__What to produce__: With pictures left out, set down every record word for word.

=== Supplied entries ===

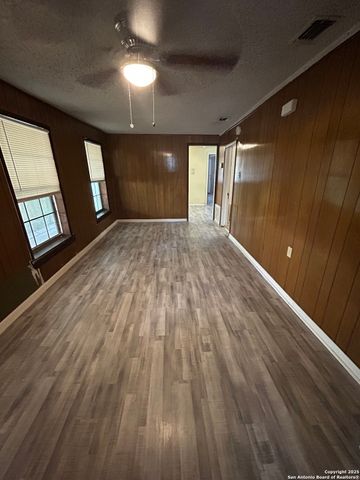 239 Hawthorne, San Antonio, TX 78214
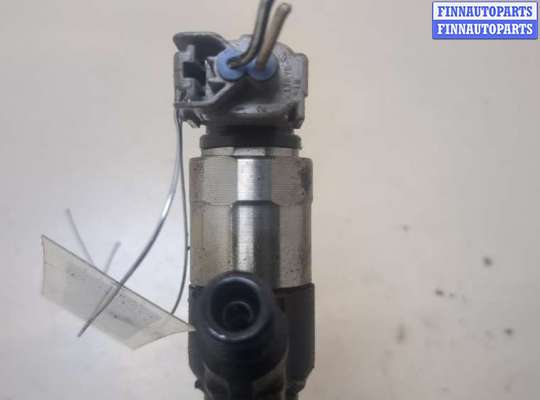 купить Форсунка топливная на Mitsubishi Outlander XL 2006-2012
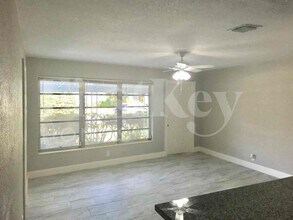 1640 NE 32nd Pl in Pompano Beach, FL - Building Photo - Building Photo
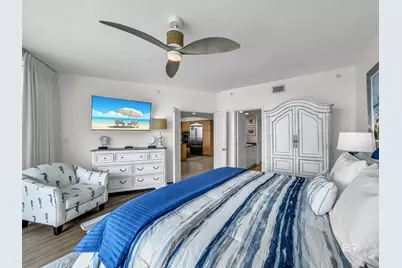 28103 Perdido Beach Boulevard #B201, Orange Beach, AL 36561 - Photo 12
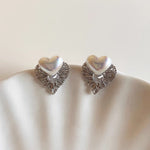 Amazing Korean Jewelry For Women (DESIGN 2175)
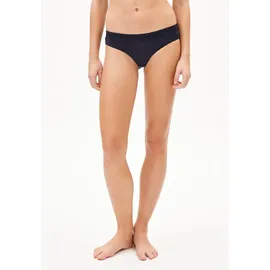 ARMEDANGELS TRINAA Panty blau M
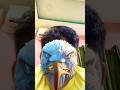 IM A EAGLE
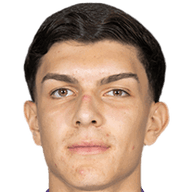 Aleksa Ilic
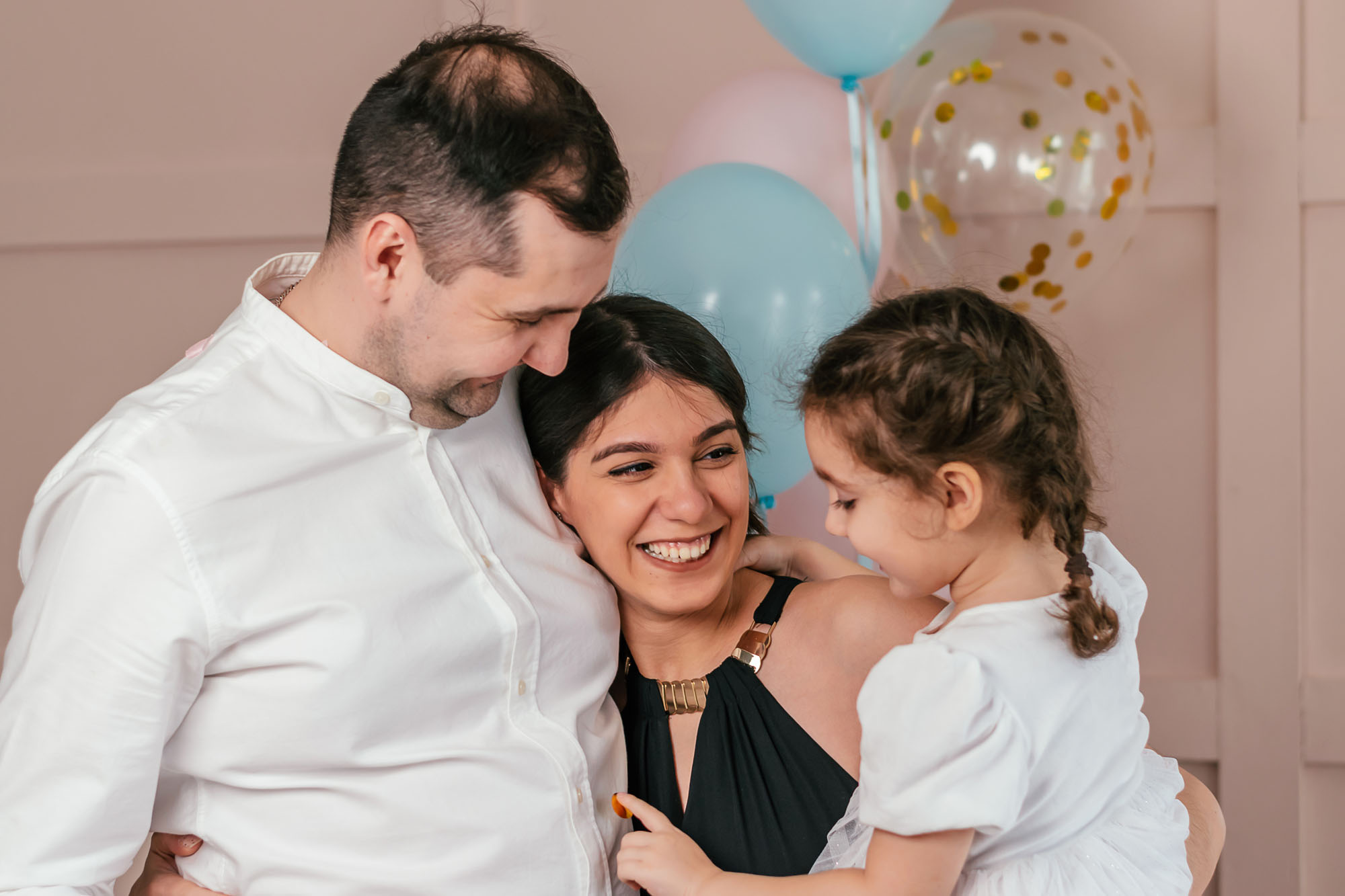 kariyerim_11 kariyerim_11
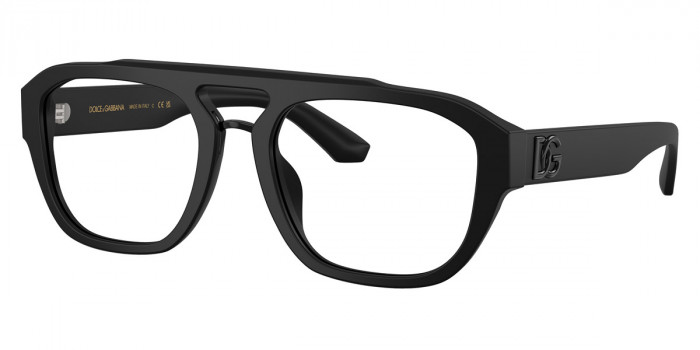 DOLCE & GABBANA™ - DG3415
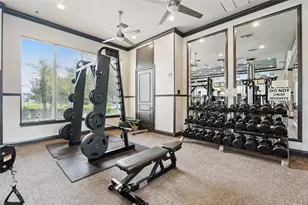 14559 Clarkson Dr, Orlando, FL 32828 - Photo 42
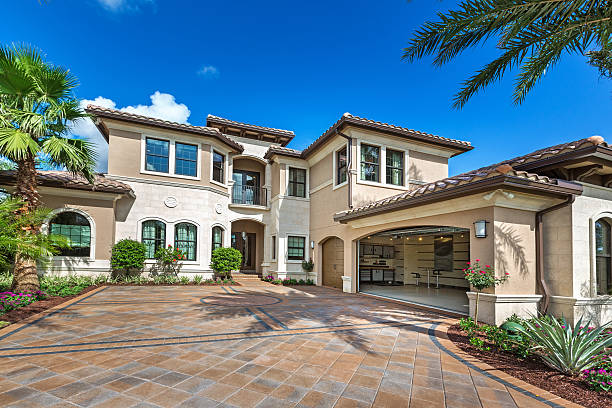 Best Driveway Repair Near Me  in Terra Alta, WV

===

__Response__:
 239 Hawthorne, San Antonio, TX 78214
 купить Форсунка топливная на Mitsubishi Outlander XL 2006-2012
 1640 NE 32nd Pl in Pompano Beach, FL - Building Photo - Building Photo
 28103 Perdido Beach Boulevard #B201, Orange Beach, AL 36561 - Photo 12
 Amazing Korean Jewelry For Women (DESIGN 2175)
 ARMEDANGELS TRINAA Panty blau M
 IM A EAGLE
 Aleksa Ilic
 kariyerim_11 kariyerim_11
 DOLCE & GABBANA™ - DG3415
 14559 Clarkson Dr, Orlando, FL 32828 - Photo 42
 Best Driveway Repair Near Me  in Terra Alta, WV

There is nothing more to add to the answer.